Il magazine Classic Fm riporta altri commenti preoccupati di esponenti del modo musicale inglese: per Stephen Maddock, Amministratore Delegato della Birmingham Symphony Orchestra “il problema principale è ciò che questo significherà per la libera circolazione degli artisti in tutta Europa. Come tutte le orchestre, abbiamo beneficiato del flusso bidirezionale di musicisti e del fatto che viaggiare in Europa è molto facile. Ci chiediamo se e come tutto questo cambierà.” E il Royal College of Music ha emanato una comunicazione ufficiale in cui rivendica l’internazionalità della propria comunità di studenti e docenti e auspica che non vi siano cambiamenti nei rapporti con studenti provenienti dai paesi EU e coinvolti nei progetti Erasmus.
Più in generale, tutto il music business inglese potrebbe subire grosse conseguenze dall’uscita dalla UE: le major e le etichette indipendenti inglesi da questo punto in poi non potranno godere, ad esempio, degli effetti della legislazione europea sul copyright.
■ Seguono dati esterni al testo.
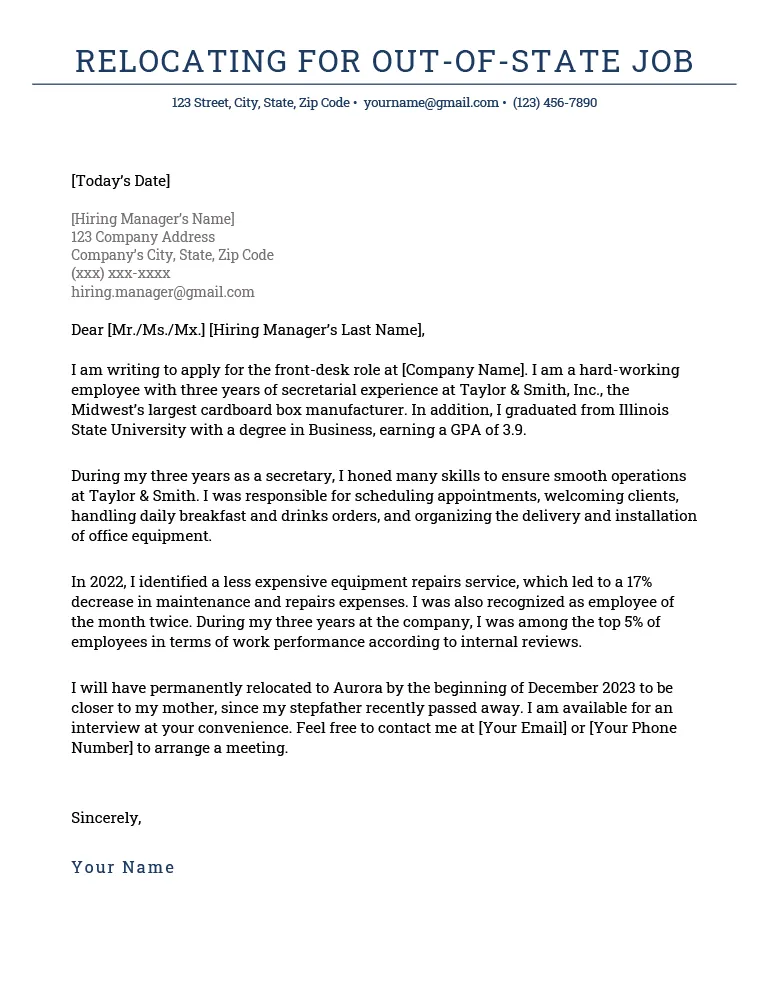 39153 cover letter crafting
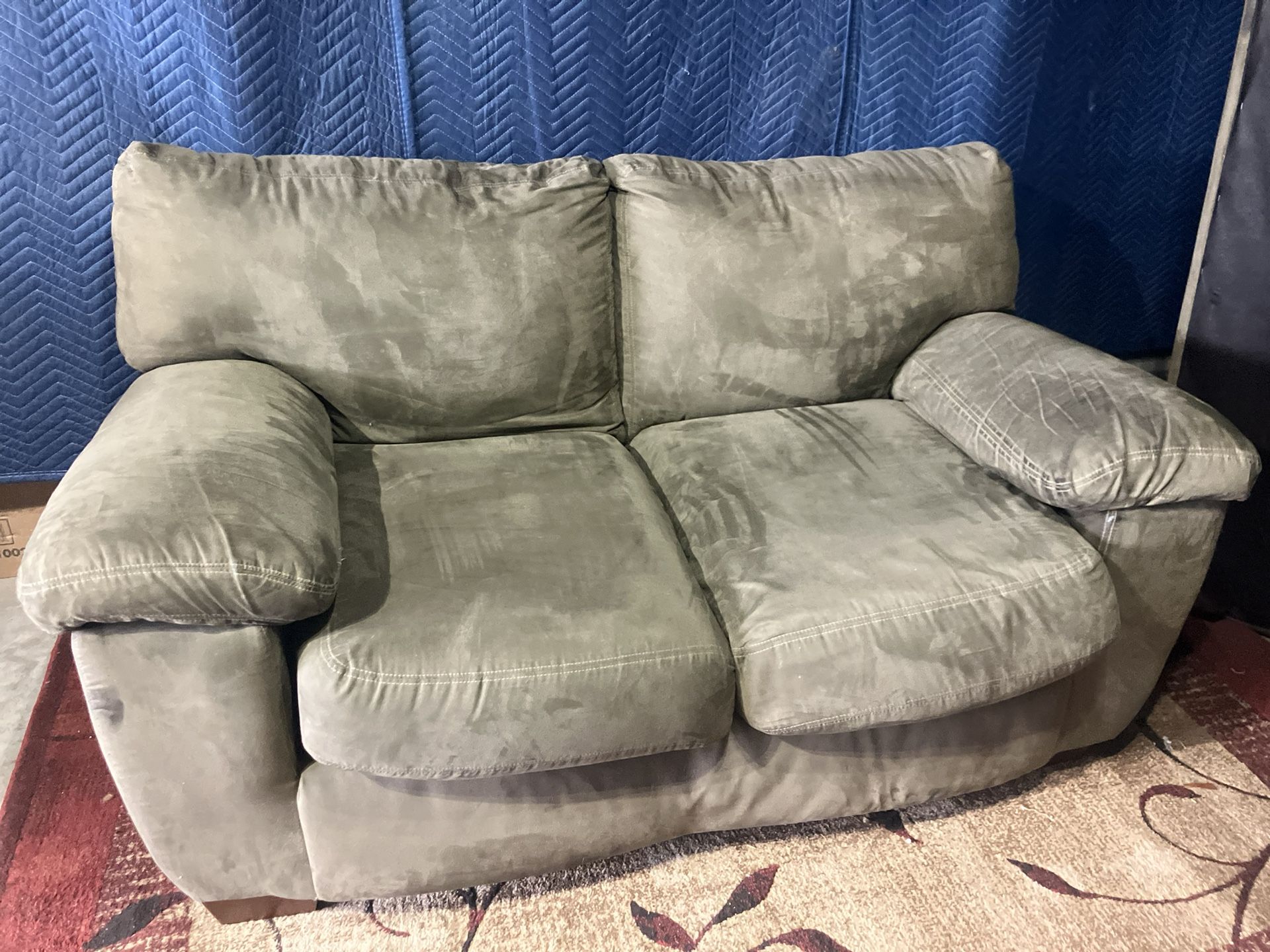 Green Velvet loveseat (DELIVERY AVAILABLE)
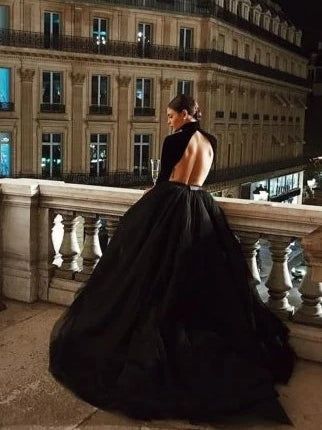 Black Ball Gown Prom Dresses, Black Ball Dresses, Prom Dresses With Long Sleeves, Puffy Tulle Skirt, Dresses With Long Sleeves, Ball Gown Prom Dresses, Gown Prom Dresses, Black Ball Gown, Tulle Balls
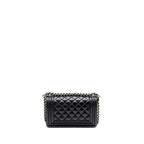 Chanel Small Boy Bag Calfskin Black SHW
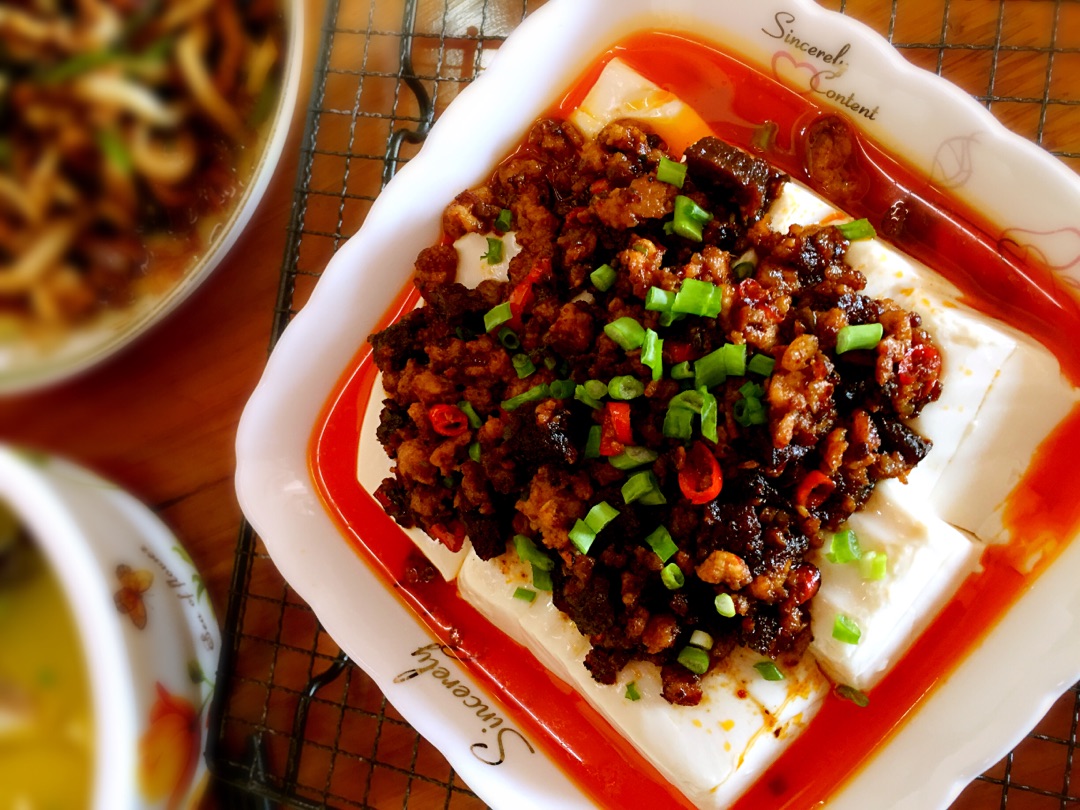 牛肉丸蒸豆腐食譜、做法 | 鐵朗的Cook1Cook食譜分享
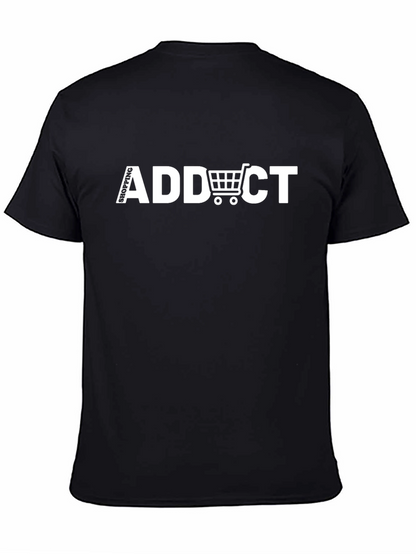 Shopping Addict Black T-Shirt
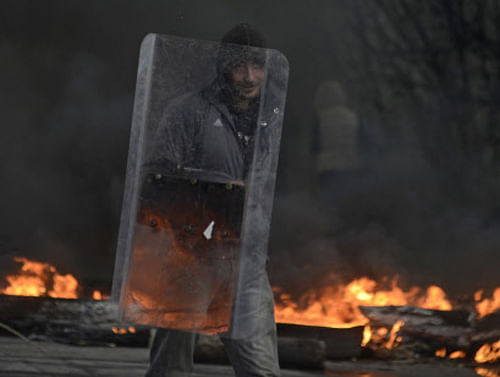 Protestors also seized control of the mayor's office Sunday in Mariupol, another eastern Ukranian city. Reuters photo
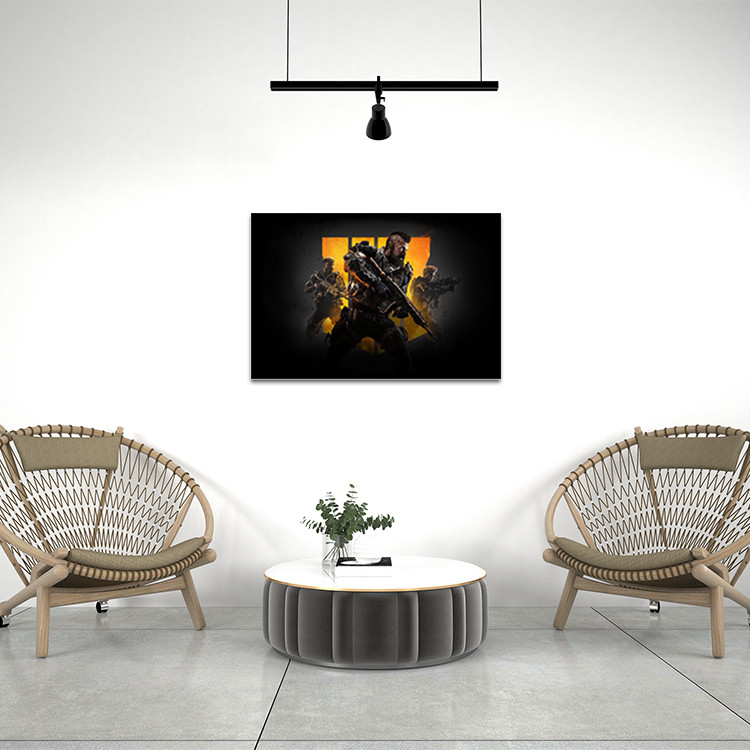 تابلو شاسی مدل بازی کال آف دیوتی call of duty کد 77 | دنیای قاب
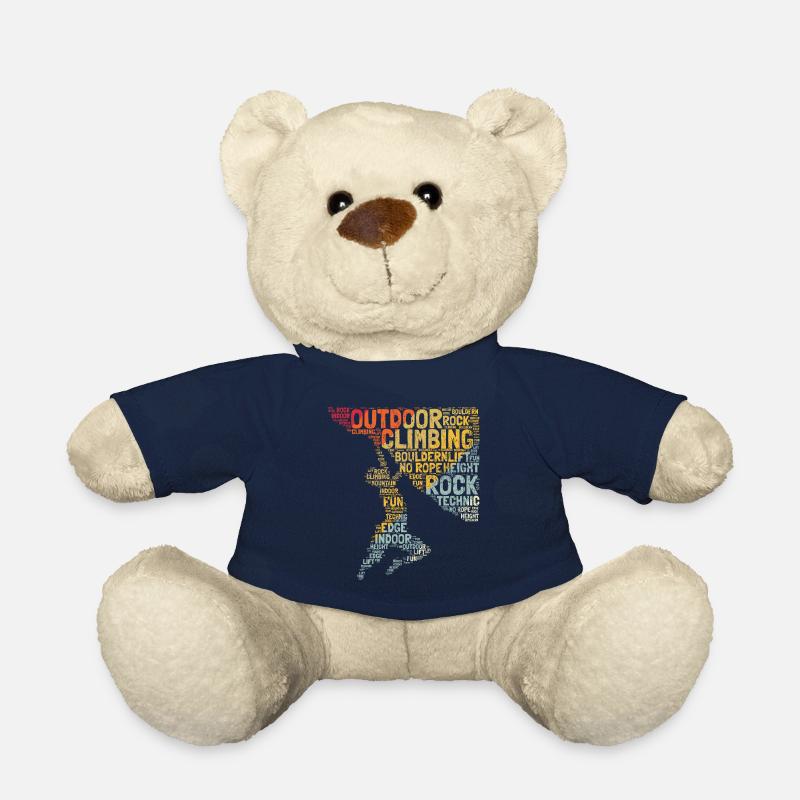 Kletter Wörter Bergsteiger Klettern Kletterer Boul - Teddy - French Navy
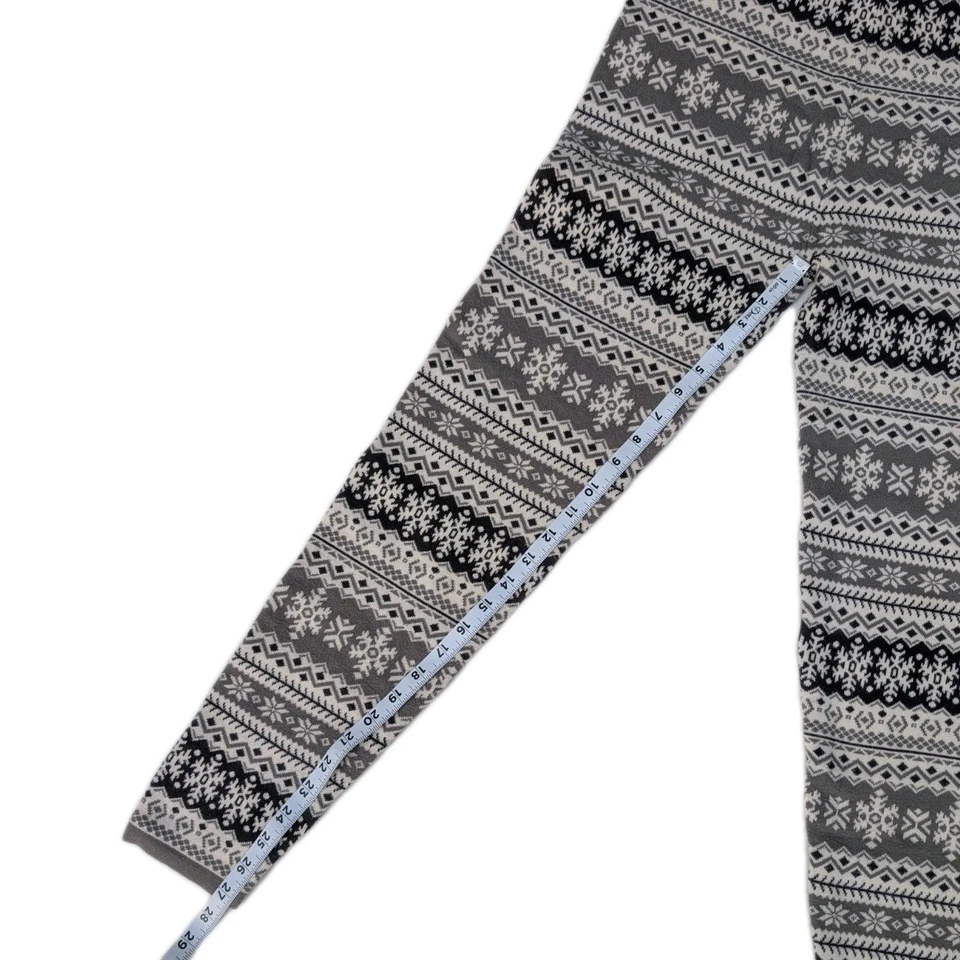 Forever 21 Mujer Talla L Invierno Tema Copo de Nieve Tejido Suéter Leggings Cálido  Foto 2 de 4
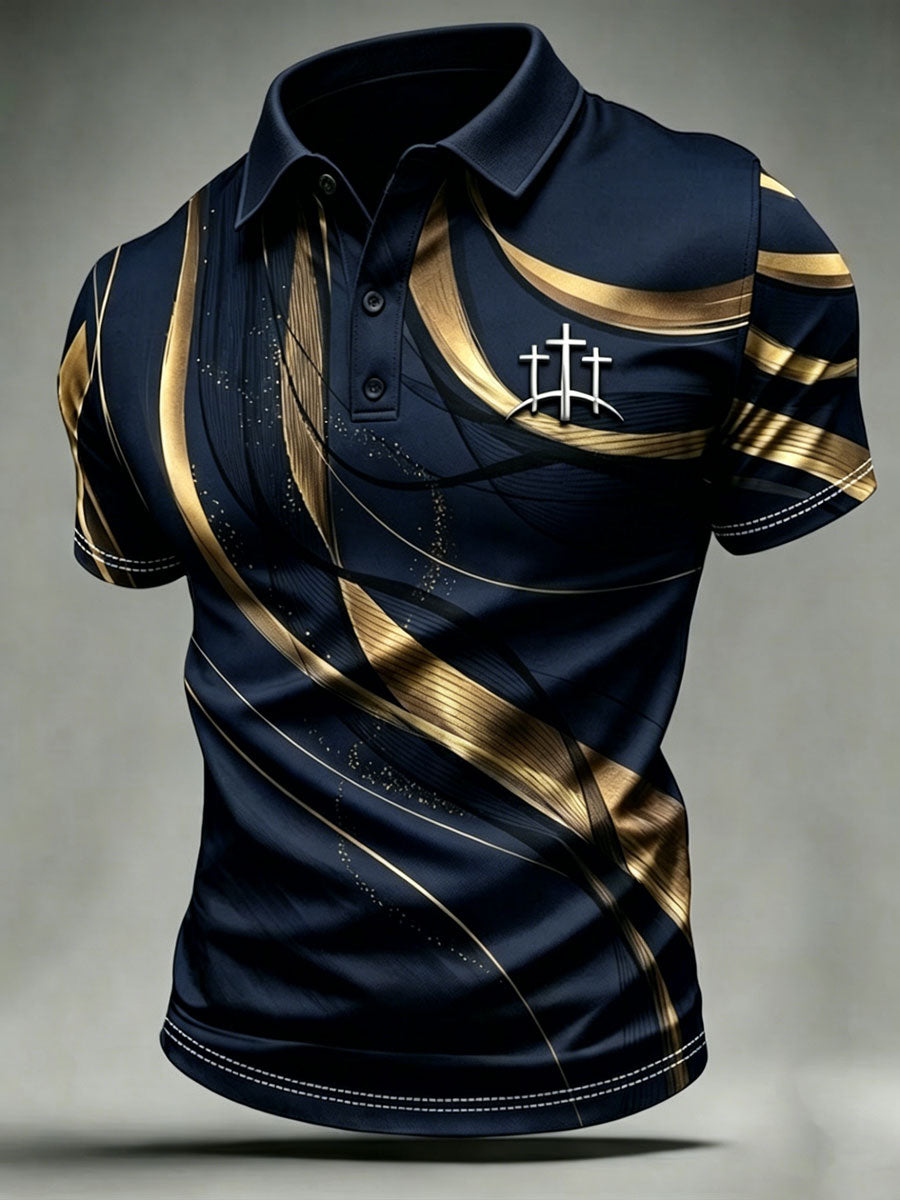 Men'S Faith Printed POLO Shirt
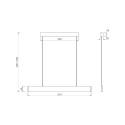 Moderner LED-Hängeleuchter 91cm verstellbar Step Maytoni Kosten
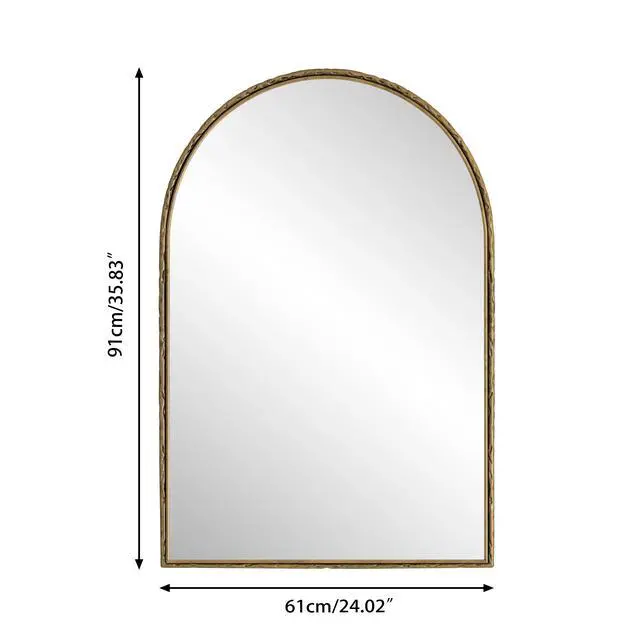 Alt view image 3 of 7 - Arched Mirror,Wall Mirror for Bathroom,Vanity Mirror or Wall Decor Arch Mirror for LivingRoom Bedroom Entryway,Gold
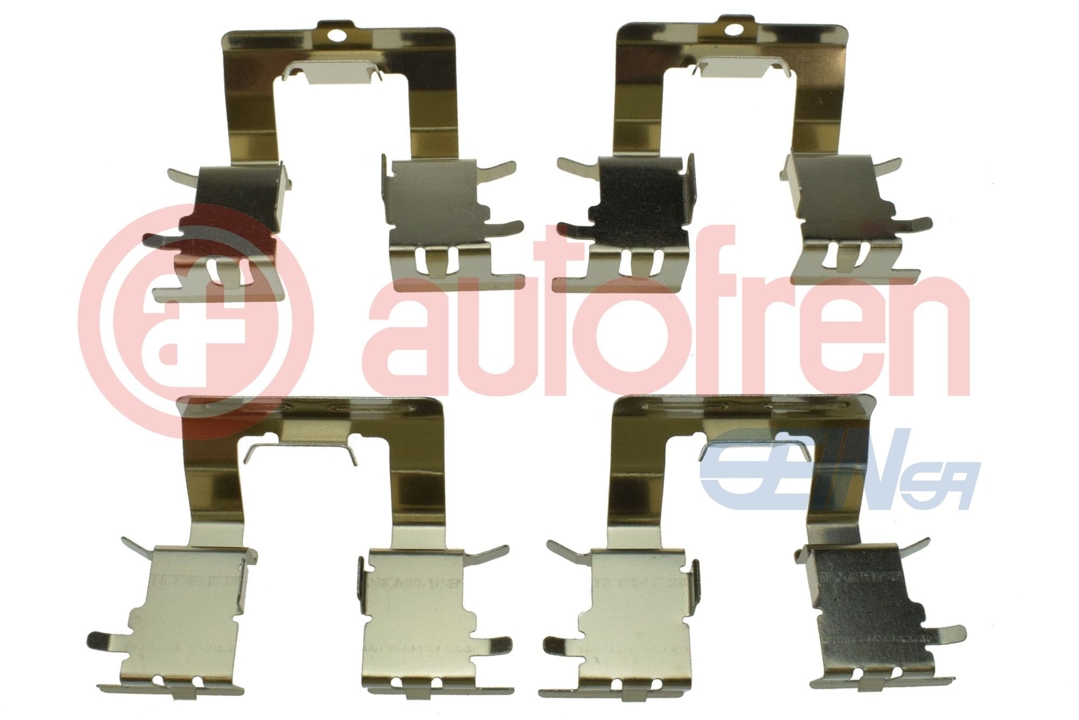 Rear brake pad fitting kit Toyota Highlander: D43051A Autofren Brake pad fitting kit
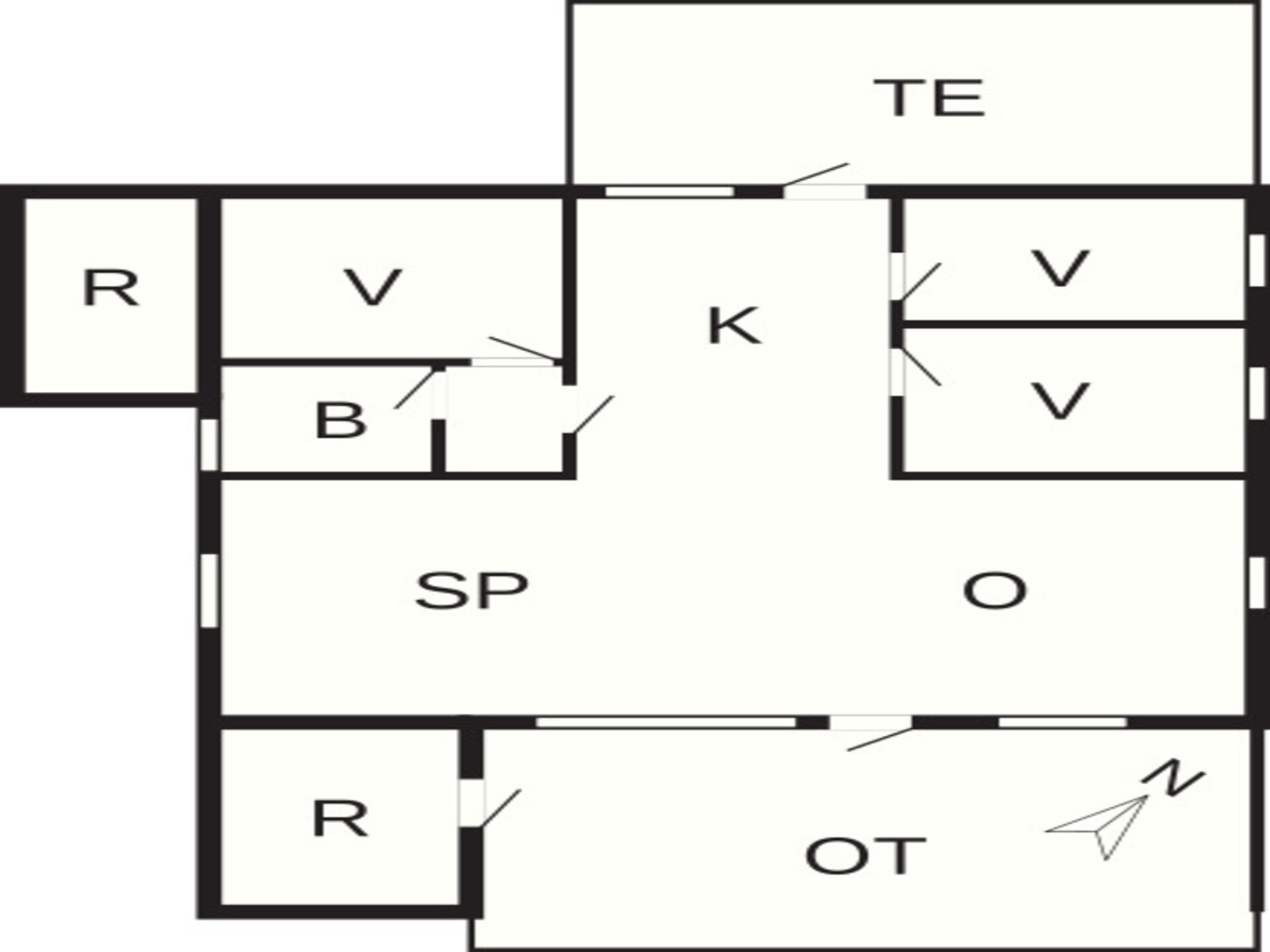 Vrijstaand vakantiehuis in Væggerløse, 900m van zee, 3 slaapkamers - foto 41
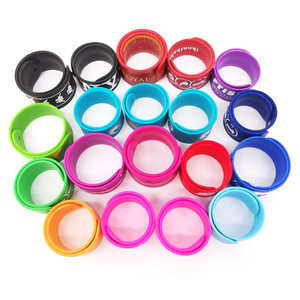 יוניסקס לוגו מותאם אישית סיליקון קידום מכירות סטירה Wristbands לאירועים אישית סיליקון גומי צמידי הצמד להקת יד - Product Image 2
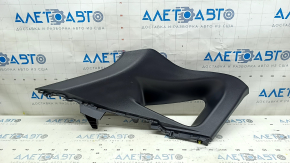 Left rear pillar trim for Toyota Venza 21-24, black, scratches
Non solo: l’Inghilterra con la Brexit non avrà più voce nella Commisiione Europea che si occupa a tempo pieno della regolamentazione dei diritti d’autore.
C’è chi però minimizza l’allarme: al post apocalittico di Norman Lebrecht che sul suo blog Slipped Disc tuona: “Ora i musicisti non inglesi se ne dovranno andare dalla Gran Bretagna” più di un commentatore ricorda i numerosi cittadini extraeuropei che lavorano nelle orchestre inglesi; inoltre, ci sono almeno due anni per negoziare l’uscita dalla UE, e in due anni tutto può succedere.